By Leslie Sarasin, President and CEO, FMI, the Food Industry Association
This Labor Day, several dramatic elements are coming together in a way that should give the food industry new reasons to celebrate this holiday.
Let me set the stage for you. The first dramatic element is a powerful back drop that has been established by the food industry’s heroic performance throughout the varied ups and downs, ins-and-outs of the pandemic. Regardless of what got tossed our way – new safety protocols, upsurges in demand, shifts in grocery delivery -- the food industry responded and has proven faithful to the task of keeping communities fed by being steadfast, resilient, flexible, and dedicated. The nation has noticed and, as a result, respect for those laboring in the food industry is at an all-time high. There’s definitely some love out there for the industry.
The second element is a significant plot twist that is going to heighten the drama in the labor script. The federal government’s unemployment benefits are set to expire on Labor Day, leaving millions of unemployed Americans searching for their next career come this fall.
That brings us to the third dramatic element, which is the character development aspect of the drama we find ourselves embracing. One of the many indelible marks the pandemic has left on the American psyche is a soul -searching reflection about the nature of work and the causes in which we wish to invest our time and talent. Individuals are thinking more deeply about where, how, and why they work. They want a job that pays well and has the promise of personal development and professional advancement, but they also want their work to mean something, to somehow contribute to the greater good. They want to love what they labor at and feel their efforts make a difference.
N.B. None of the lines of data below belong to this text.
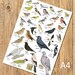 British Garden Birds A4 Identification Chart, Wildlife Card, Bird Poster, Art Print for framing 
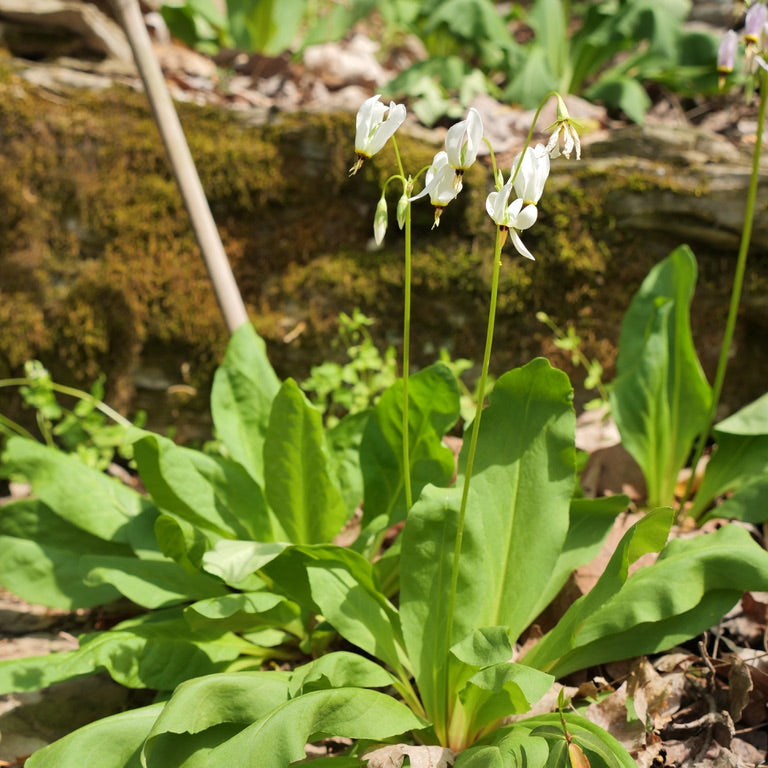 Dodecatheon meadia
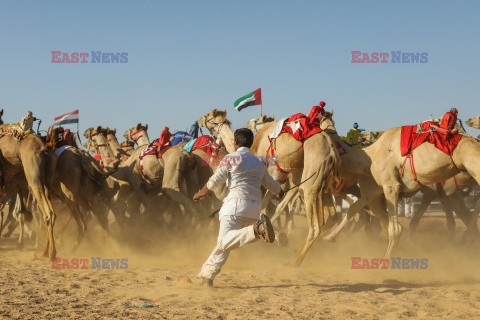 4. Camel Race w El Alamein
The piece that remains for the industry is to put all these theatrical elements together in a groundbreaking way, a way that helps the employment-searching public recognize that the food industry has developed well beyond being the place of “starter roles” and has blossomed into a complex vocational system with career opportunities in a multitude of areas. Those who still consider grocery work to be can-stacking need to be enlightened that the food industry now has technology career paths, diverse openings in health and wellbeing, and increased opportunities in personnel management, financial administration, logistics proficiency, and culinary expertise. And that’s just the beginning of the list of employment possibilities our industry is seeking to fill.
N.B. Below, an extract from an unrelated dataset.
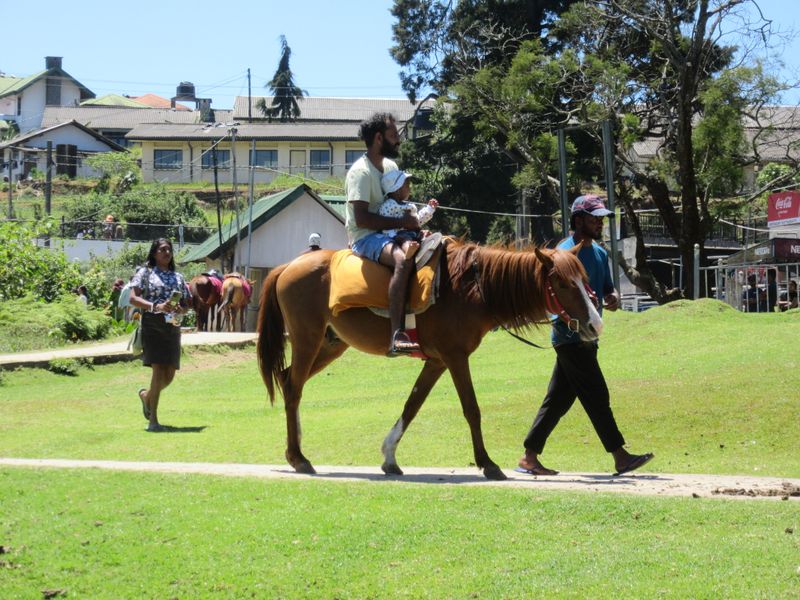 Horse ride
Many FMI members are making significant headway in re-shaping the way food industry careers are perceived by making noteworthy investments in educational opportunities for their employees. Others are designating significant budget dollars to increased employment benefits, intern programs and educational incentives. Several member companies frequently make the list of “100 Best Places to Work” and thus help improve the industry image as not just being the place where careers begin, but a place where careers are made.
Examine and invest in the future of work with us through insights, training and education. The next act in the food industry labor drama is about to begin. Is your company ready to have the spotlight thrown your way and play an award-winning role?